If this is your moral viewpoint ...
... then perhaps you should reconsider playing any advantage game in the casino. After all, what we are talking about here is a matter of degree, not kind. In the instant case, the casino freely offered slot machines with skewed payouts. These payouts gave the players the advantage. A player took advantage of that and made some money and the casino kidnapped him for awhile. You believe they were right.
If that is what you hold to be moral, then you should never play a full-pay deuces machine or a 10/7 double bonus machine. When a $1 9/6 progressive gets over $5K, you should not play it. When the casinos offer double or triple cash-back points on some days, stay away from any 9/6 JOB games. If you play the horses and you see a horse that ought to come off at 9:5 coming off at 3:1, don't play that horse. If a casino is offering a 2:1 blackjack game, stay away from that game. When the count rises to +2 or more, you should leave the table. If the dealer makes a mistake and exposes his hole card to you, point out the error and ask that a misdeal be declared, or simply play the hand as if you didn't know what his hole card is. If you happen to find a roulette wheel that is off-kilter enough to change the odds, don't play that wheel.
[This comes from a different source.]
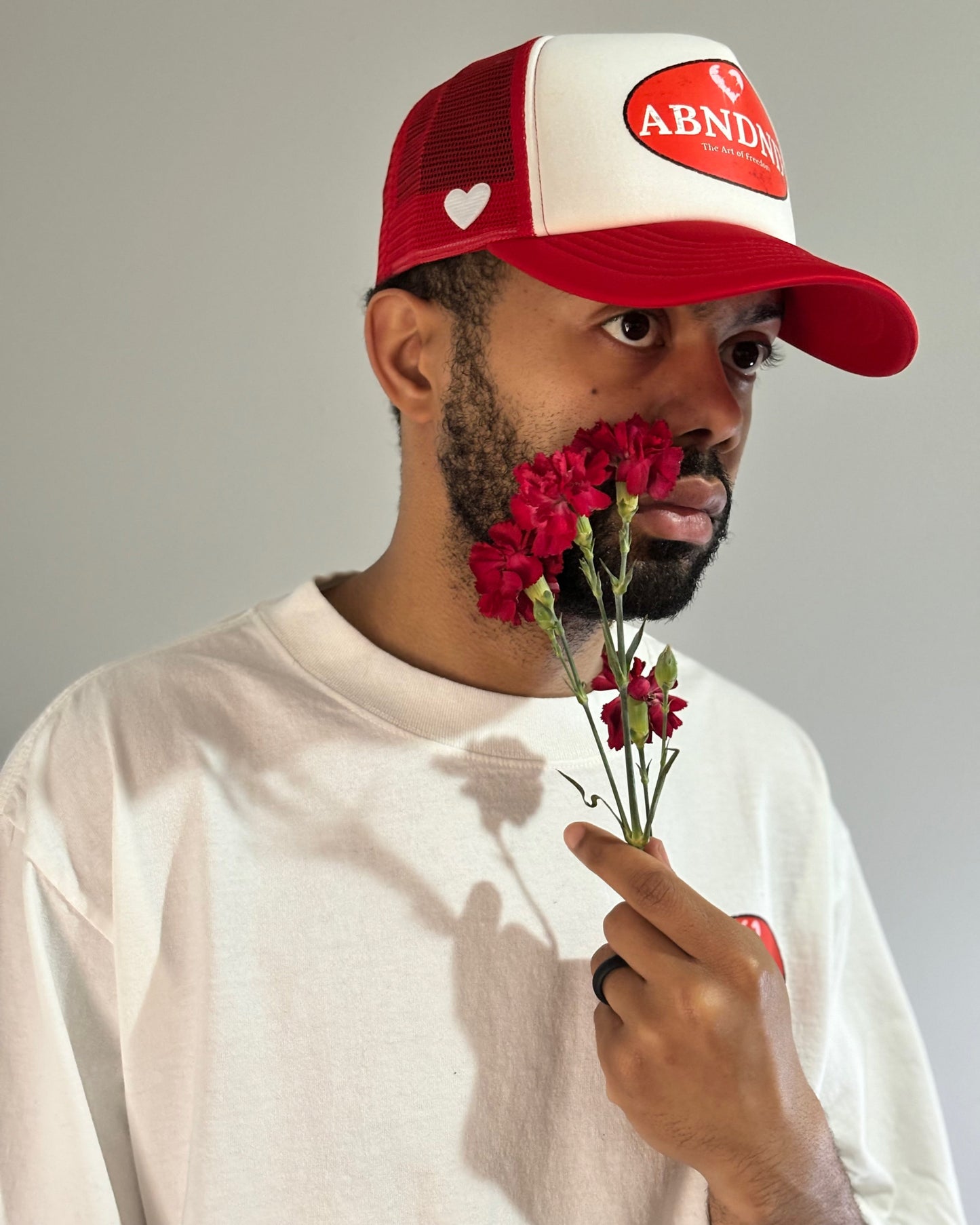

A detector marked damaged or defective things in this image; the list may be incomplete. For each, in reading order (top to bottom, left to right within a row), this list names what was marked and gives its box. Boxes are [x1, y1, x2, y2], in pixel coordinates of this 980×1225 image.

broken heart logo [627, 58, 789, 198]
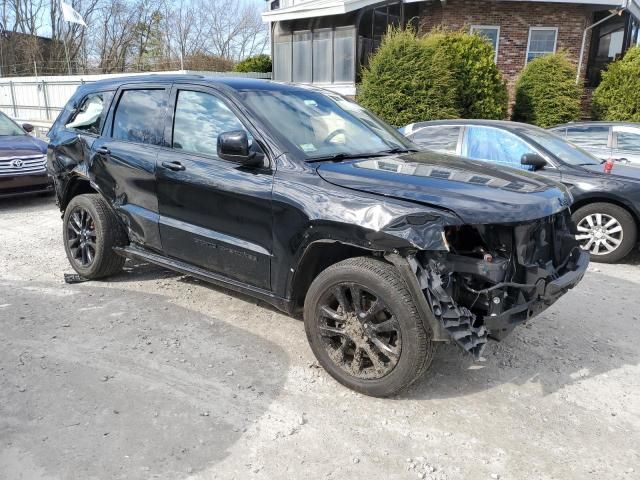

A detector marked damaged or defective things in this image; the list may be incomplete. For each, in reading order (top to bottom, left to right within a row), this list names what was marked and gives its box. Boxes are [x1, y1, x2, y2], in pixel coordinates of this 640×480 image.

cracked hood [318, 151, 572, 224]
front-end collision damage [390, 212, 592, 358]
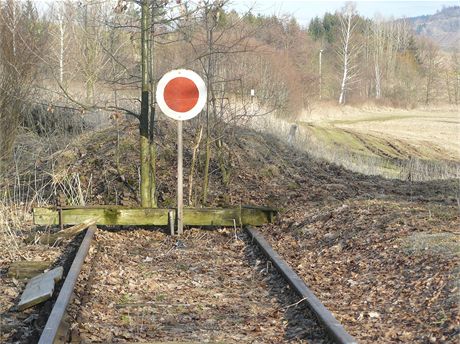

While we're at it, maybe the casinos ought to post signs that compare the true odds in their games to the actual payouts and make it clear to each patron how big the house advantage is in the game he or she is playing. That way, if a patron engages in the mistaken belief that he or she can beat the casinos in a game like Keno, for example, he or she will know the truth. That would be the moral thing to do by your standards, would it not?